# Dogsitting / holiday care for reactive dogs



## Gingerfish (Jan 6, 2021)

Hi there, 
Previously when I've gone on holiday abroad a dogsitter / parents etc would come to our house, or take our dogs to theirs to look after them. However, last year we got a Romanian rescue and whilst he is improving he is reactive to dogs and people who 'suddenly' appear in his house that he doesn't know or hasn't been formally introduced to. I am concerned about what could happen if we went away and left him with people who aren't behavourists or experienced with managing these issues - it's a lot to ask and I can't expect them to understand or remember instructions for managing loads of different situations . It's fine for one or two nights with my parents (ie just don't let the dogs out without supervision / bring anyone they don't know in) but for a couple of weeks that's too much to ask. Most people I've found assume until something goes wrong that it's all fine and I'm just paranoid.

Does anyone know of any care businesses or similar that could look after them for a couple of weeks? I've never put my dogs into kennels - our labrador hates being shut up in any way and she's at least 11 or 12 now so I don't want to stress her out. I'd rather not seperate them they both do much better with each other.


----------



## simplysardonic (Sep 1, 2009)

If they're reputable & experienced there's no reason why they won't follow your explicit instructions when it comes to their care & management.

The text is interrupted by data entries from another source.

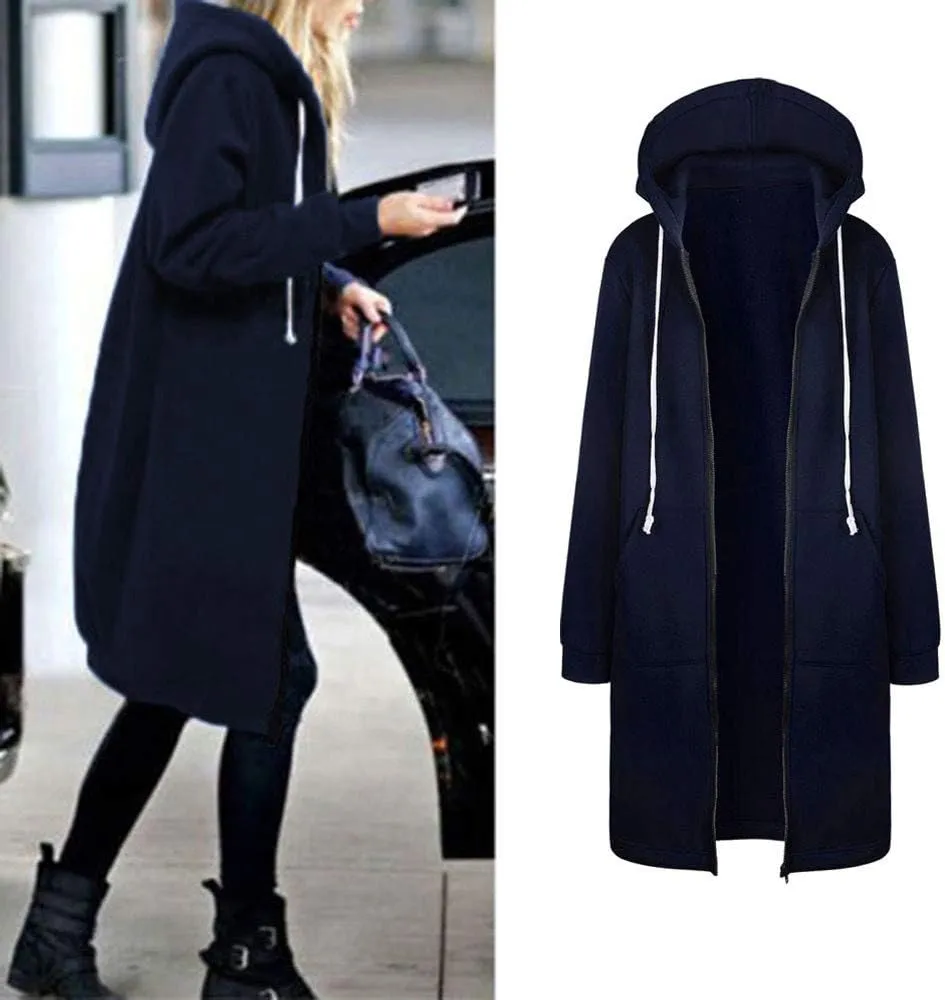 Muyise Hoodies for Women Casual Full Zip Up Long Hooded Sweatshirts Lightweight Long Sleeve Winter Warm Jackets with Pockets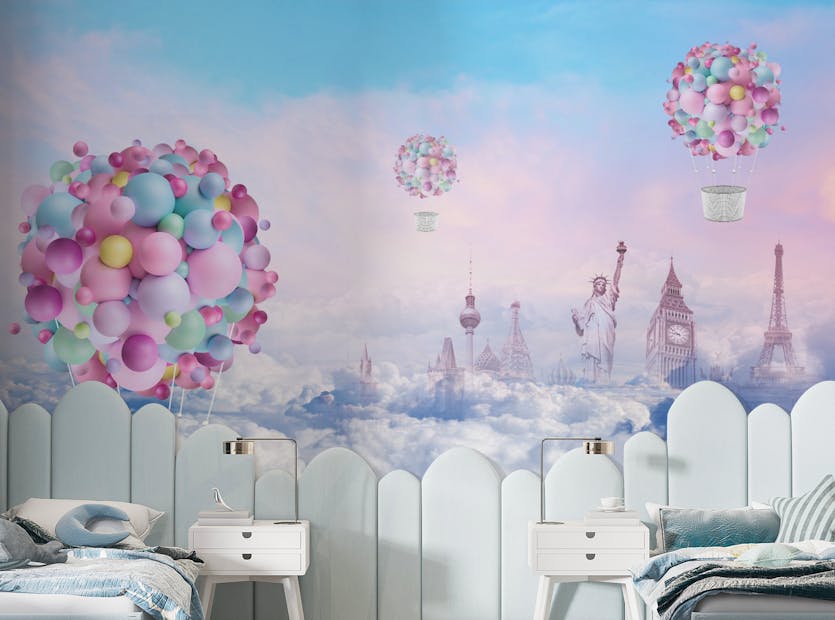 Peel and Stick Colorful Balloons Wonder Textured Wallpaper Mural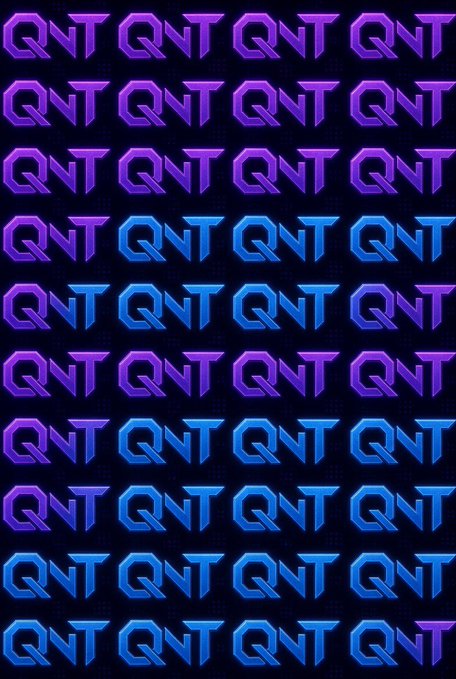 A repeating pattern of stylized "QNT" (Quant cryptocurrency) logos in purple and blue hues, serving as a smartphone wallpaper for crypto enthusiasts.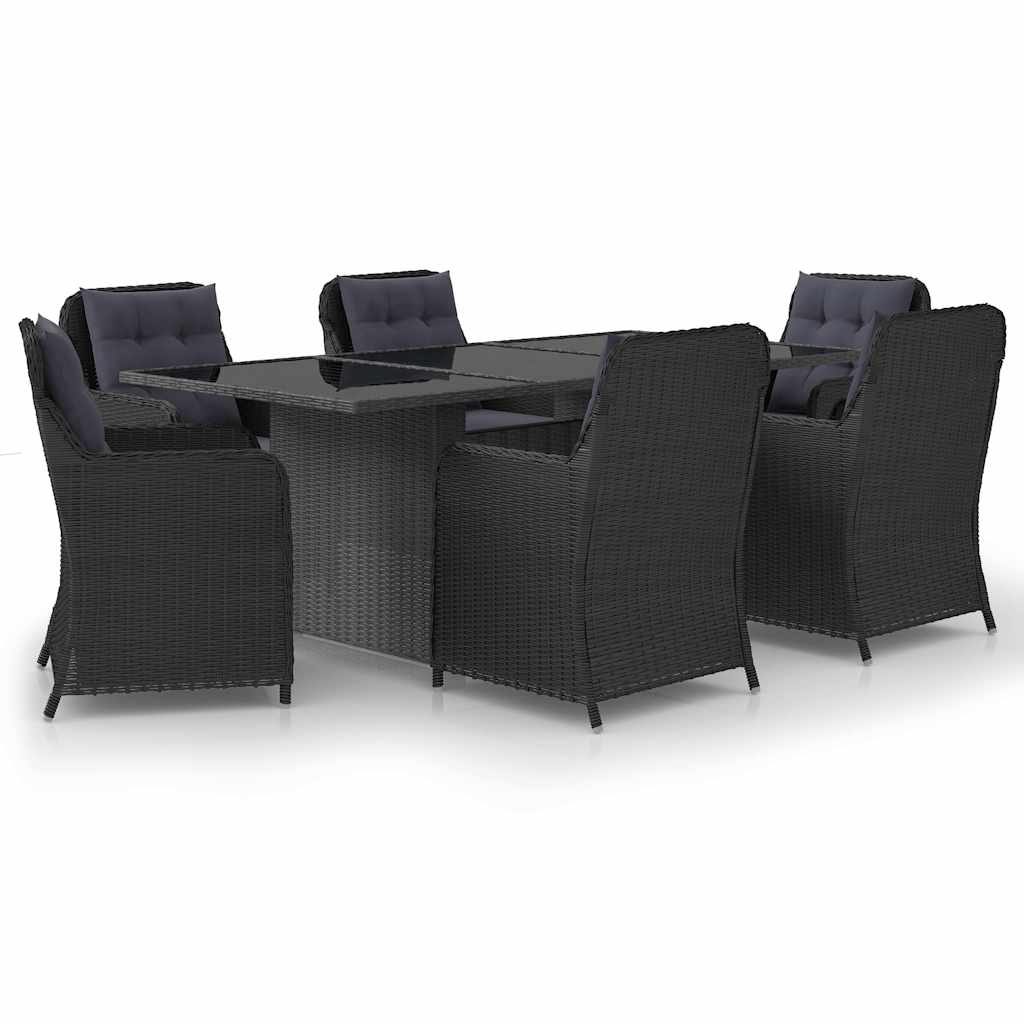 vidaXL 9-delige Tuinset poly rattan bruin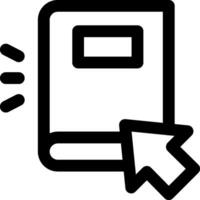 A black and white icon of a book with a mouse vector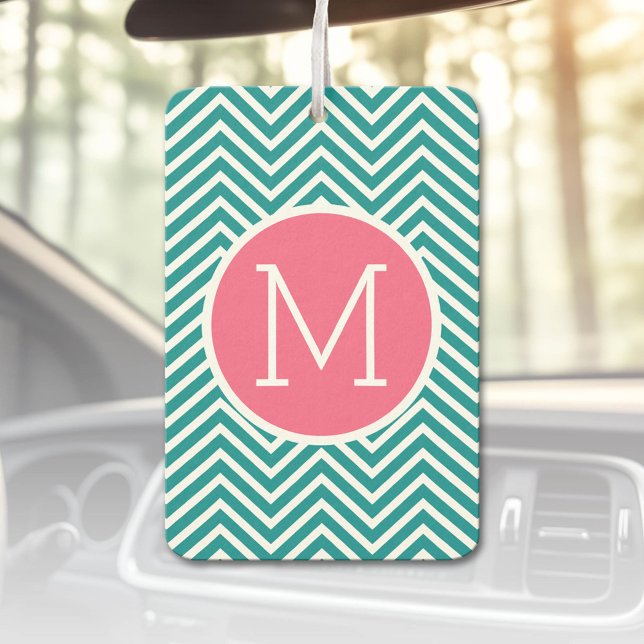 Girly Chevron Pattern with Monogram - Pink Teal Car Air Freshener (Custom Air Freshener)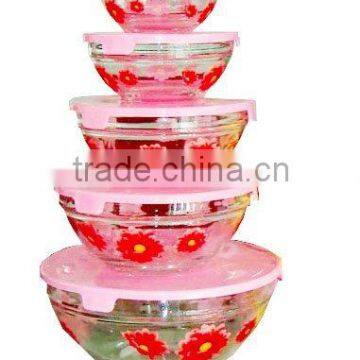 5pcs glass bowl set with fresh flower design,5pcs storage bowl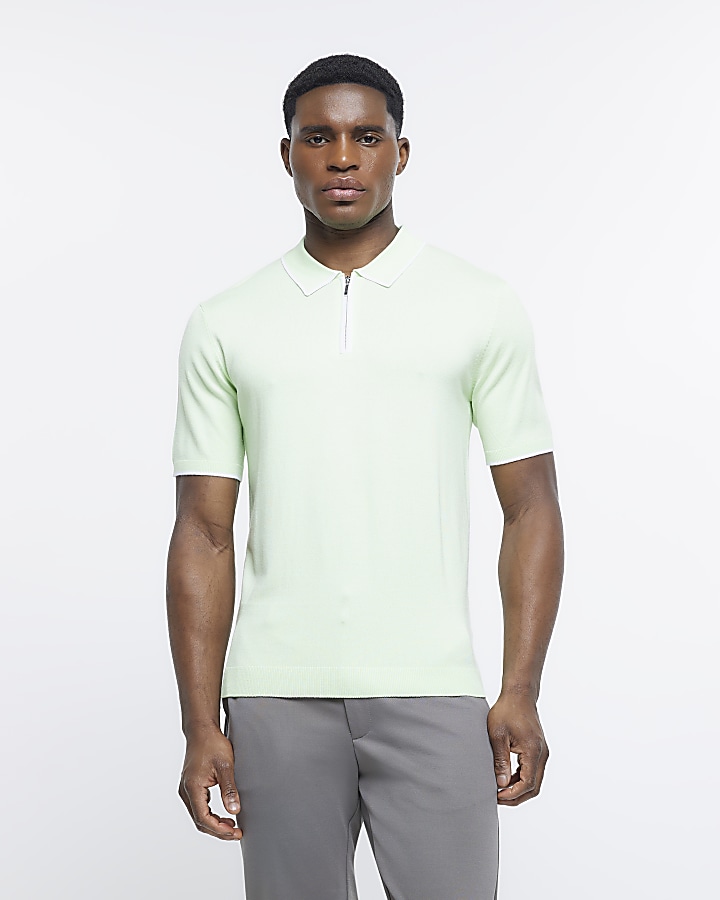 Green slim fit knitted half zip polo shirt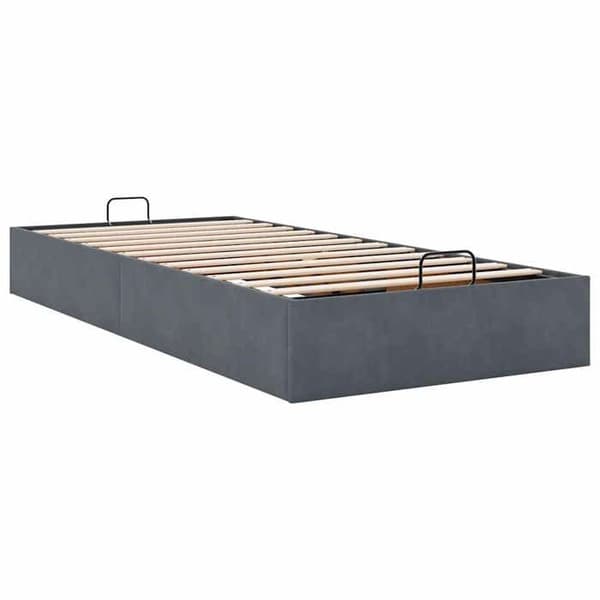 Ottoman sengestel - EKSKLUSIV HUS - Velour - 90x200 cm - Hydraulisk løft - Stort opbevaring Mörkgrå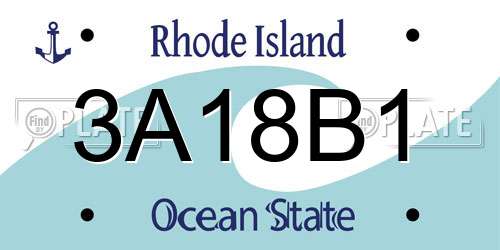 3A18B1 Rhode Island License Plate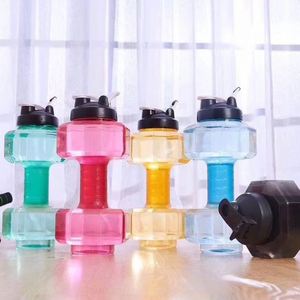 Botella Deportiva de Plástico de Grado Alimenticio de 2.4L con Logotipo Personalizado al por Mayor, Botella de Agua con Forma de Mancuerna de Gran Capacidad para Gimnasio, Fitness y Entrenamiento - Product Image 1
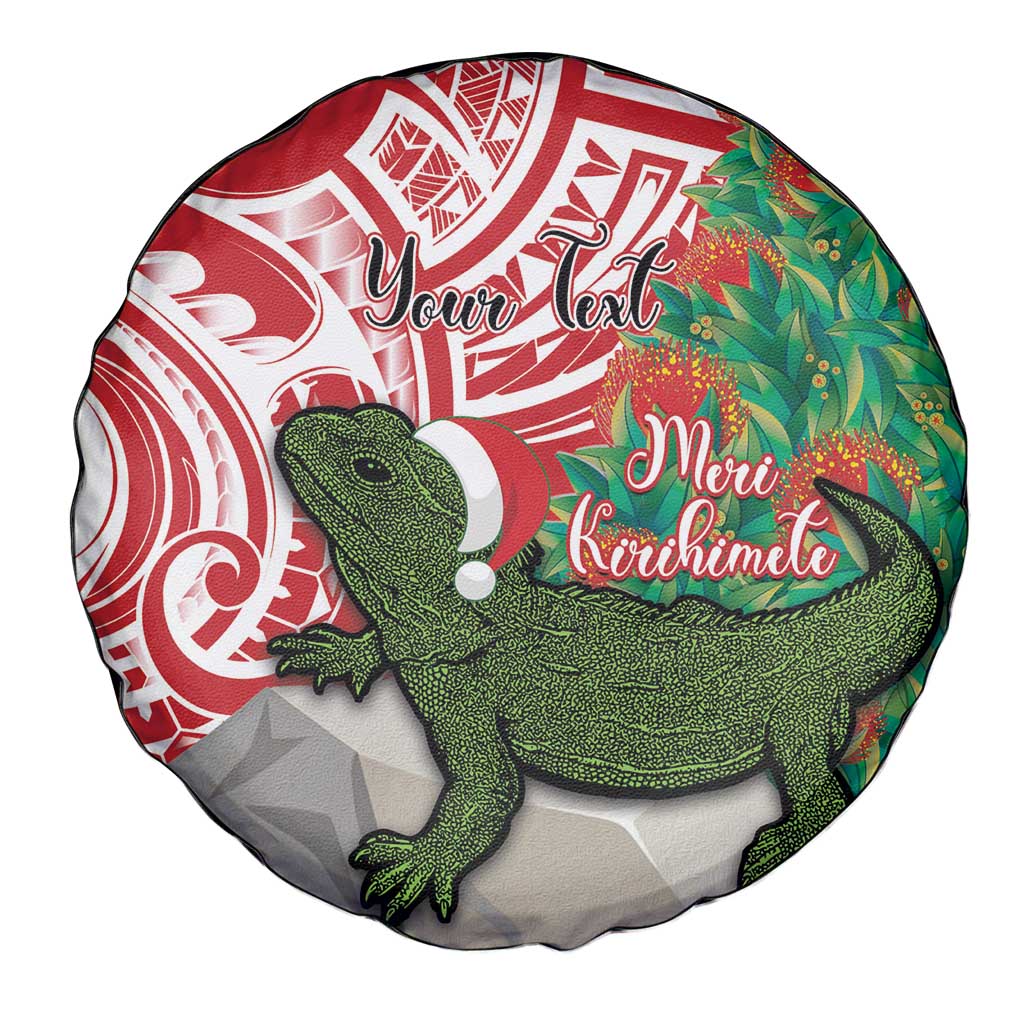 Personalised New Zealand Tuatara Christmas Spare Tire Cover Meri Kirihimete Aotearoa Maori Mix Pohutukawa LT14 - Polynesian Pride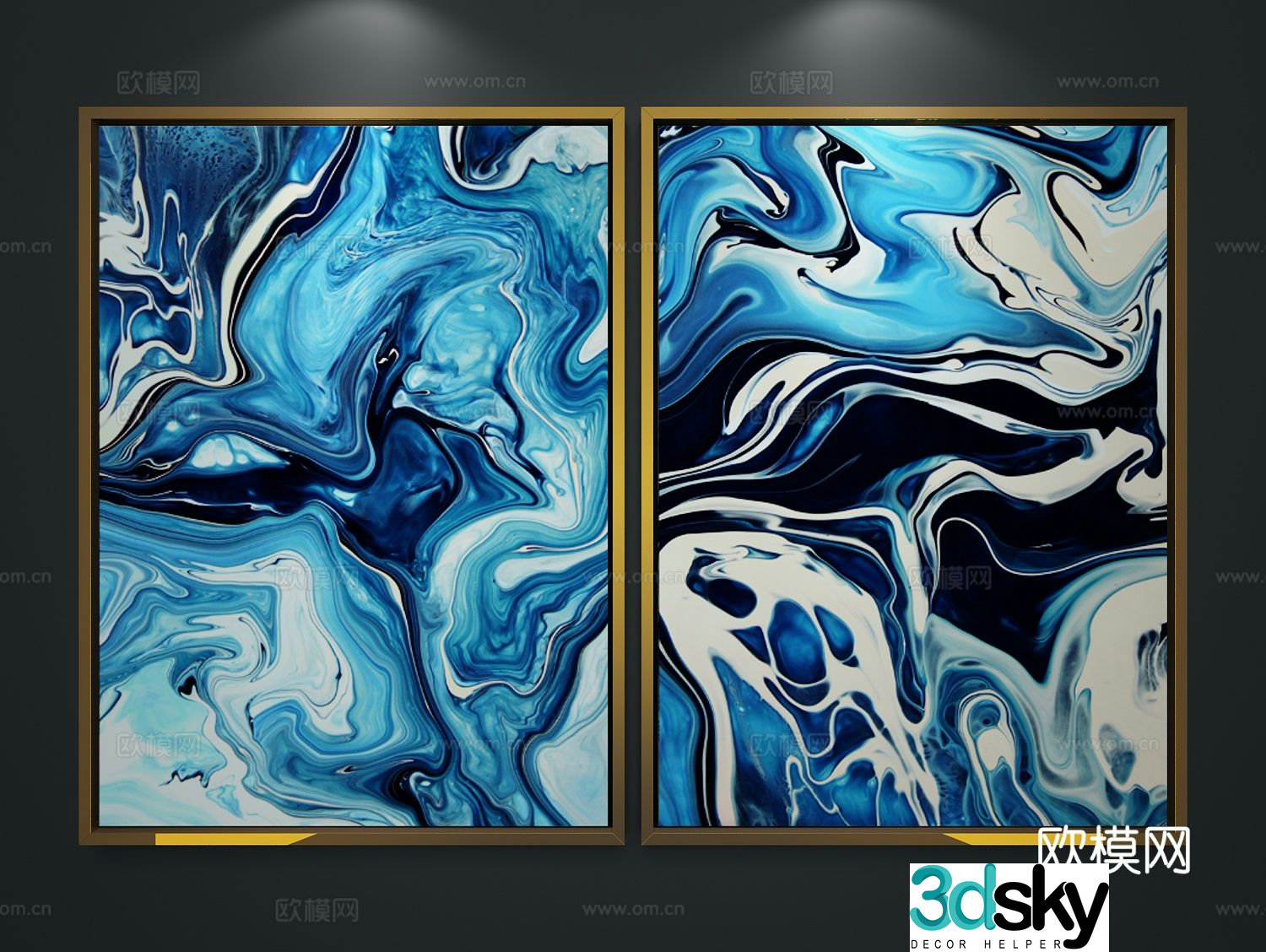New Chinese style decorative painting blue abstract painting 3d model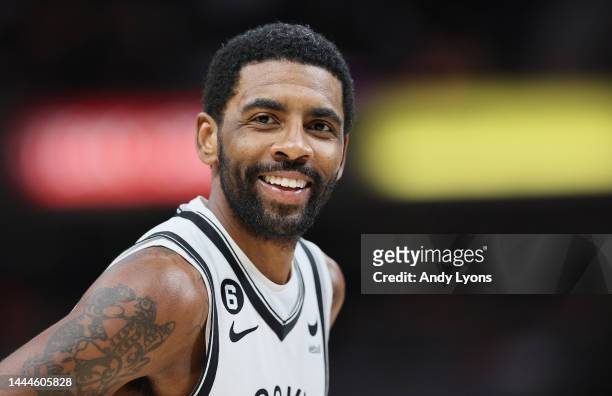 Kyrie Irving the Brooklyn Nets during the first half of the game against the Indiana Pacer at Gainbridge Fieldhouse on November 25, 2022 in...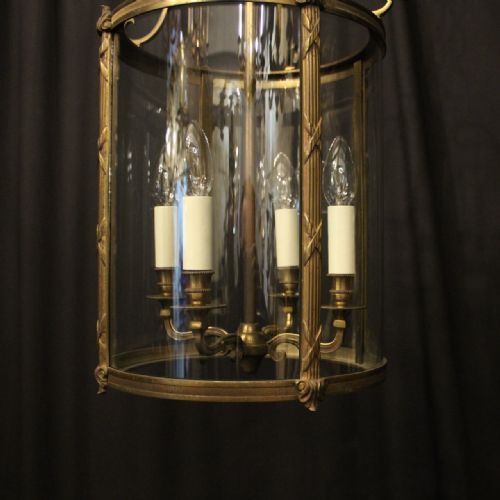 FRENCH GILDED FOUR LIGHT ANTIQUE HALL LANTERN - ADDITIONAL PHOTO 2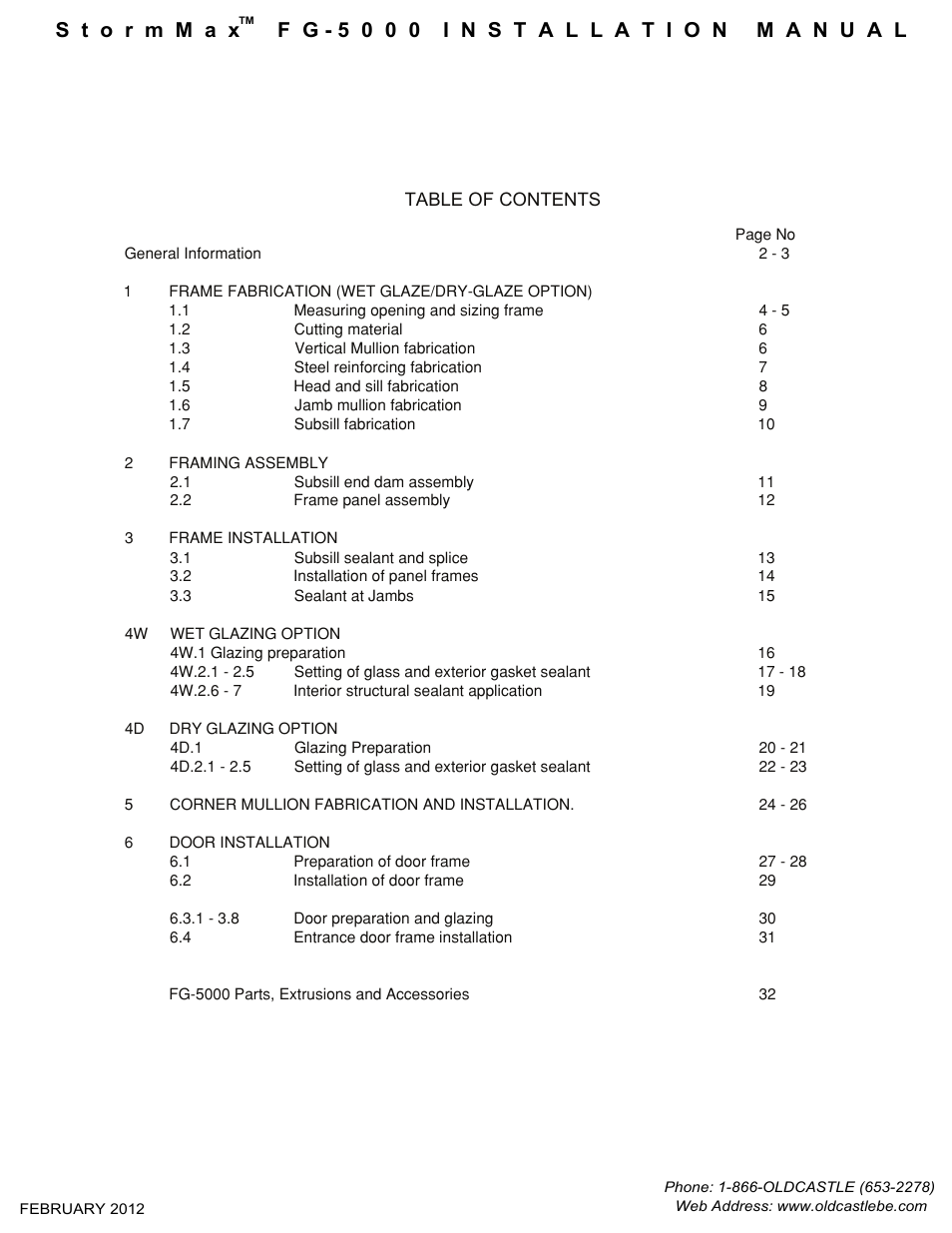 Table-of-contents | Oldcastle BuildingEnvelope FG-5000 StormMax User Manual | Page 2 / 33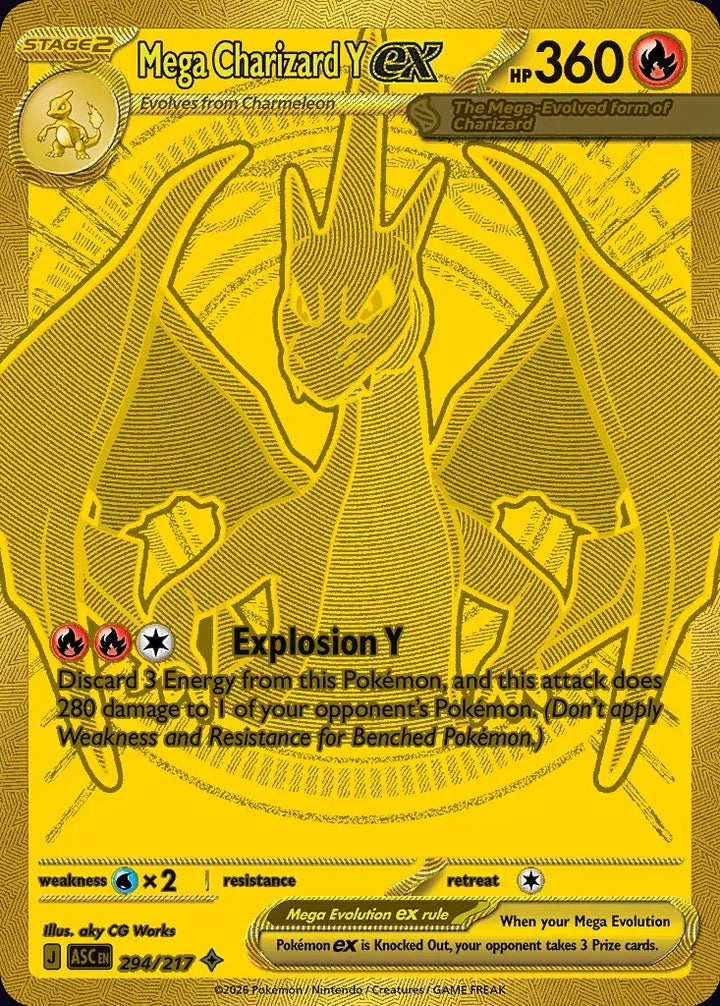 Mega Charizard Y ex 294 Mega Hyper Rare (gold) - EN-me2pt5 card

In the case of your Rommie dog I would contact potential sitters ASAP, to discuss their needs & arrange for them to have multiple meetings with the dog so they can get to know each other & see how it goes from there.


----------



## Lurcherlad (Jan 5, 2013)

If the Romanian rescue would be ok with a sitter they were introduced to beforehand, you could just stipulate that the dogs don’t get taken out and nobody else enters the house at all while you’re away.

It would be fine for a week…. 2 would be a push.

Tbh I would just holiday in the UK and take the dogs so I had control of the environment.


----------



## Linda Weasel (Mar 5, 2014)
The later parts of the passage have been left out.